# [solved] keine Warnung mehr bei maskierten ebuilds in world

## Mr. Anderson

Früher (noch vor zwei Wochen) war das möglich:ein in allen Versionen masktiertes Paket a demaskieren (z. B. in package.keywords)

emerge a

das Paket wieder maskieren

emerge world -p

eine Warnung von Portage lesen, die mitteilt, dass ein Paket aus world maskiert istmit dem neuesten Portage (2.1.3.19) geht das nicht mehr. Diese Pakete werden einfach ignoriert. Kein Hinweis, kein unmergen. Einfach nichts. Ist dieses Verhalten beabsichtigt? Wenn ja: wie prüfe ich dann korrekt auf maskierte Pakete in world?

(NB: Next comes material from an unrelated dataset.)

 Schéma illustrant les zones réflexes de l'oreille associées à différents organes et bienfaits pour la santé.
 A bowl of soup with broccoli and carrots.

Wie prüfe ich ob für Pakete aus testing nach einem emerge --sync neuerdings stable-Versionen existieren ohne jedes Paket einzeln zu untersuchen?Last edited by Mr. Anderson on Mon Feb 11, 2008 6:56 pm; edited 1 time in total

----------

## Finswimmer

$emaint --check world

eventuell?

Tobi

----------

## Mr. Anderson

 *Finswimmer wrote:*   

> $emaint --check world
> 
> eventuell?
> 
> Tobi

 

gute Idee. Aber leider meint emaint, dass alles in Ordnung ist.

----------

## mv

Ja, mit Portage liegt im Moment einiges im Argen:

Gerade heute hatte ich festgestellt, dass ich neuerdings beide gpgme Slots installiert hatte. Also habe ich mal den alten Slot 0.3 in /etc/portage/package.mask maskiert, um zu sehen, ob ich ihn löschen kann (gpgme will ich eigentlich nicht - also steht es nicht im world file - aber einige Programme bestehen darauf). Da ein emerge -NaDu world nach der Maskierung keine Fehler brachte, habe ich Slot 0.3 gelöscht. Aber beim nächsten emerge -NaDu world beschwerte sich Portage dann über den maskierten Slot. Das ist zumindest abweichend vom vorherigen Verhalten und auch reichlich unschön, dass man jetzt zum "Testen" löschen und neu emergen muss.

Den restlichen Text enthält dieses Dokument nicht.